━━━ SOURCE DATA
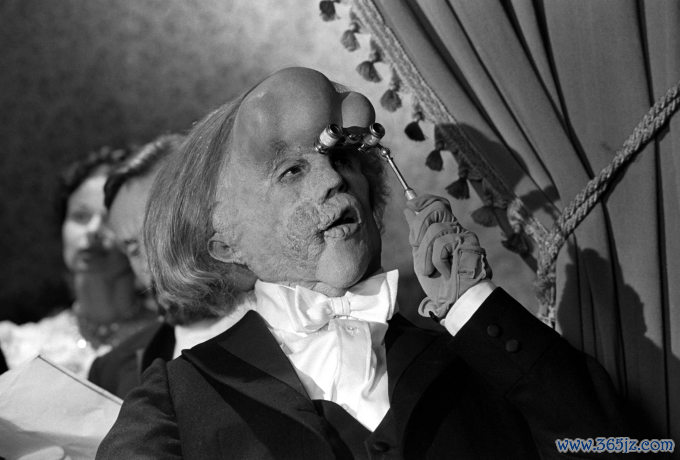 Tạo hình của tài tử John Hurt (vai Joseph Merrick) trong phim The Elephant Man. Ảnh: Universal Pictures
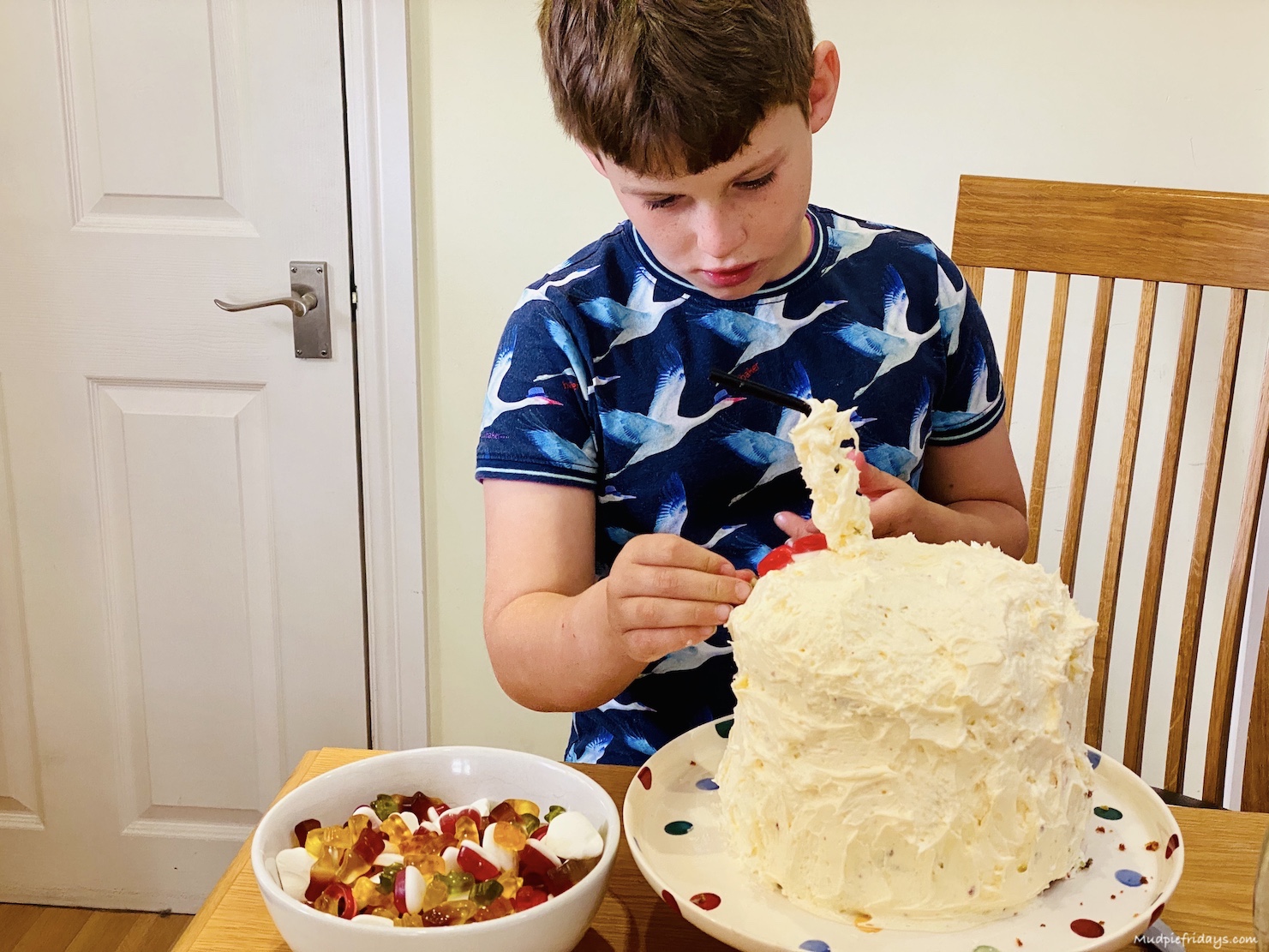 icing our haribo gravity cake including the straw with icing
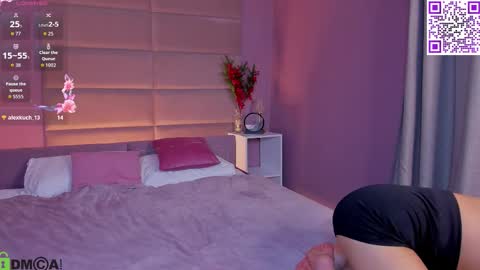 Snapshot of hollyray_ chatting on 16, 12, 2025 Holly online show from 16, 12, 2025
━━━━━━
Starting from the line that has "icing our haribo" and ending at the last line of the material above, every line should be output exactly; pictures are dropped and nothing else appears.

 icing our haribo gravity cake including the straw with icing
 Snapshot of hollyray_ chatting on 16, 12, 2025 Holly online show from 16, 12, 2025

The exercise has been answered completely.